Pour cette année, en prenant en compte les recettes et les dépenses liées au budget général, y compris l’amortissement de la dette publique, ainsi que les recettes et les dépenses des SEGMA et des CST, les besoins de financement du budget de l’État s’élèvent à un total d’environ 193,08 Mds de DH (Vs 103 Mds de DH en 2022).
Une situation identique à 2022
Pour couvrir ses besoins bruts de financement, notamment en ce qui concerne le financement de nouveaux projets d’investissement, l’État dispose de la possibilité d’emprunter, pour une période déterminée, auprès des emprunteurs nationaux (banques, établissements financiers, particuliers,…), notamment en émettant des bons du Trésor et des obligations, dont la maturité varie entre 13 semaines et 30 ans, parfois avec des montages spéciaux. Ou auprès d’emprunteurs internationaux, qu’ils soient bilatéraux (États) ou multilatéraux (partenaires techniques et financiers et institutions financières internationales, tels que la Banque mondiale ou le FMI), ou sur le marché international et les créanciers privés, sur lequel les conditions d’octroi deviennent extrêmement difficiles.

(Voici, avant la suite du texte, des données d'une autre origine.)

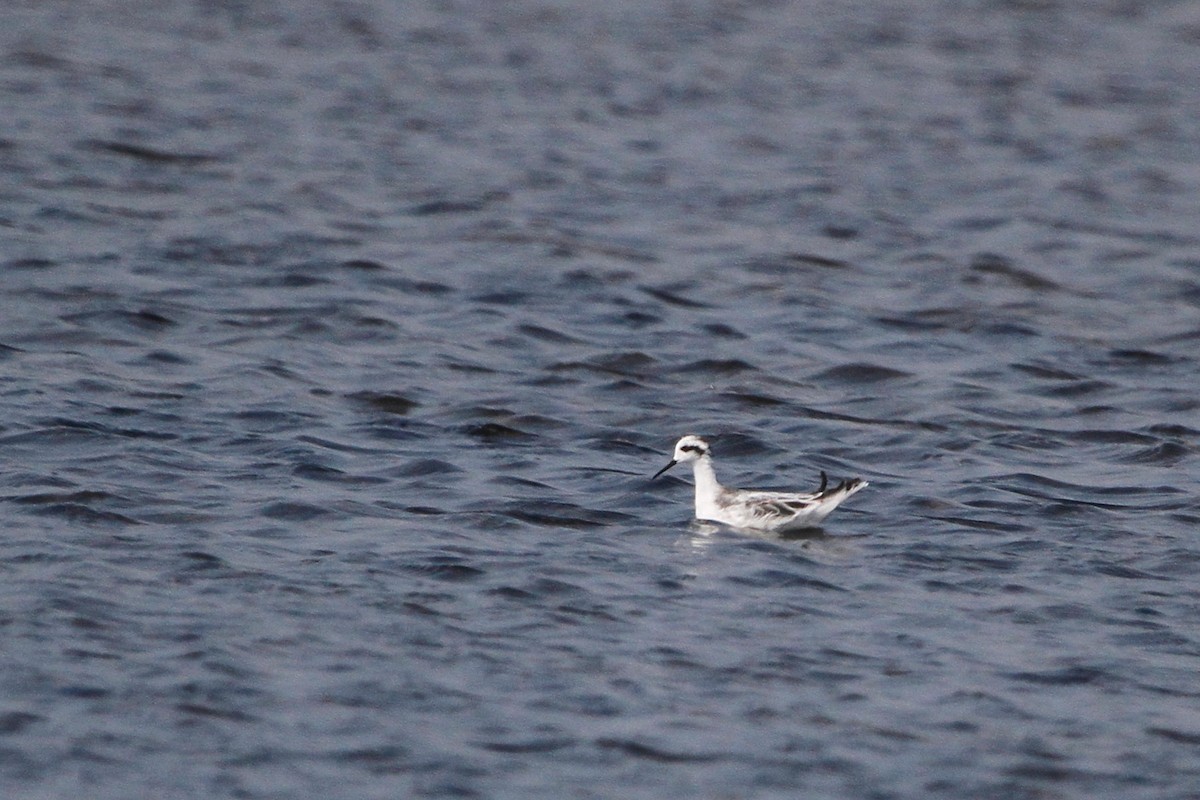 Круглоносый плавунчик - ML647676351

Avec très peu de latitude, la situation ne devrait pas présenter de changements en 2023. L’État va devoir recourir aux mêmes mécanismes de financement qu’en 2022, à un détail près toutefois : une ardoise des charges de la dette en forte hausse. Alors que le consensus table sur une poursuite de la hausse des taux sur le marché primaire des bons du Trésor, avec des relèvements du taux directeur en perspective, le ministère des Finances mise, pour chaque augmentation de 1 pbs des taux d’intérêt sur le marché intérieur, sur un impact de 19,8 MDH ou de 0,08% du total des charges en intérêts de la dette intérieure pour l’exercice suivant.

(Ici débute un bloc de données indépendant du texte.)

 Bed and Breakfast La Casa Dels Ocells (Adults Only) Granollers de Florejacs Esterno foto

A titre de repère, les taux obligataires ont enregistré en 2022 des hausses variant entre 63 pbs et 167 pbs par rapport à fin 2021, selon les maturités. Quant à la dette extérieure, une augmentation de 1 point de base (0,01%) des taux d’intérêt engendrerait un surcoût de 10,6 MDH ou 0,16% du total des charges en intérêts de la dette extérieure pour l’exercice suivant.

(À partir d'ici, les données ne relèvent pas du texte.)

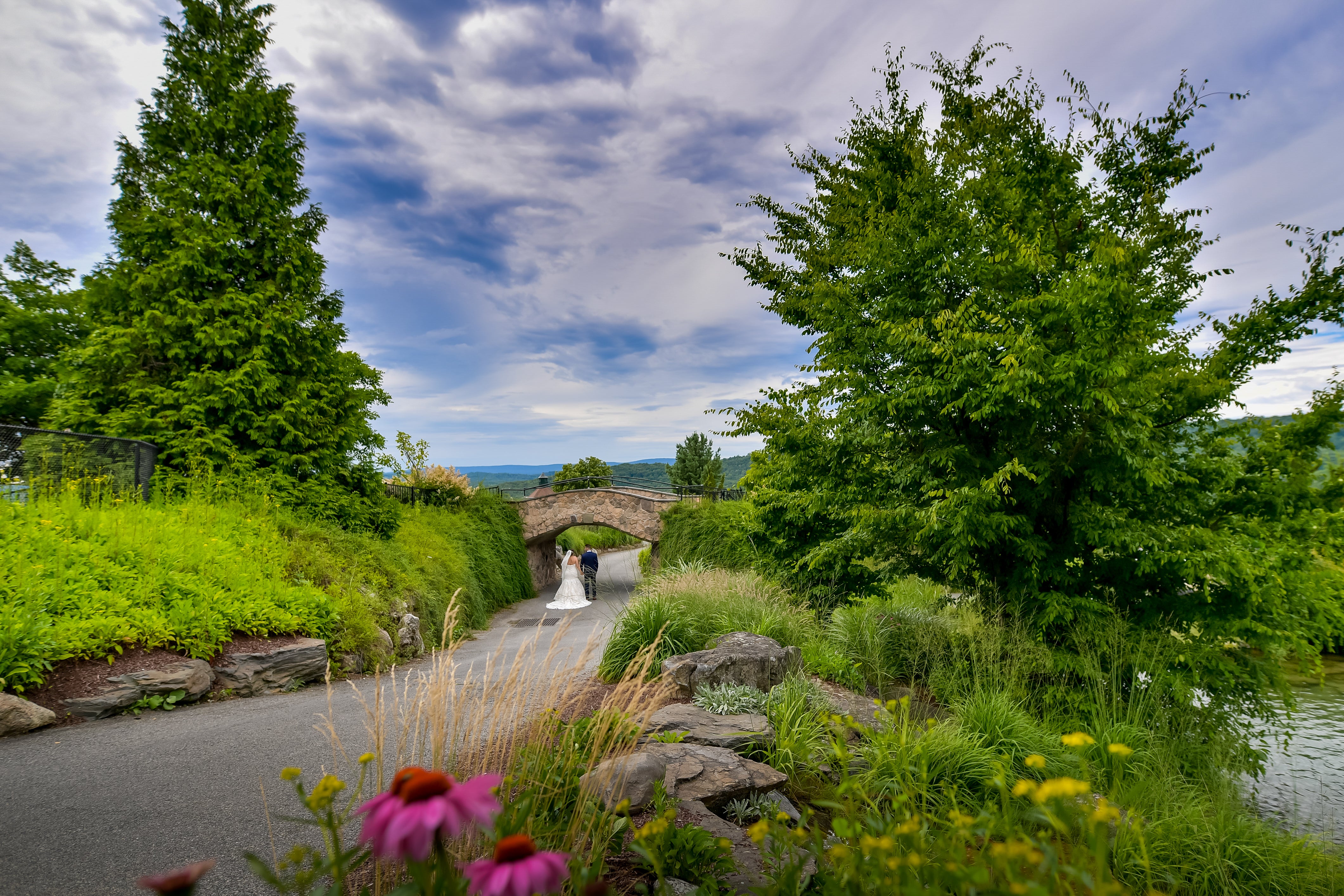 Bride and groom walk amongst green foliage.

La charge de la dette extérieure est également impactée par les fluctuations des cours de change, dont l’impact est encore plus important que l'effet taux. Car dans l’hypothèse d’une appréciation de l’Euro face au Dirham de 1%, le service de la dette extérieure du Trésor enregistrerait une hausse de 24,1 MDH au titre de l’exercice suivant. Par contre, dans l’hypothèse d’une appréciation du Dollar face au Dirham de 1%, le service de la dette extérieure enregistrerait une hausse de 39,6 MDH ou 0,28% au titre de l’exercice suivant.
En définitive, à côté des mécanismes classiques d’endettement, l’État doit donc miser davantage sur les financements innovants qui lui permettent de fournir de la liquidité immédiate tout en réduisant ses besoins d’endettement, mais aussi ses charges d’intérêt. En 2022, les recettes des financements innovants ont atteint 25 Mds de DH.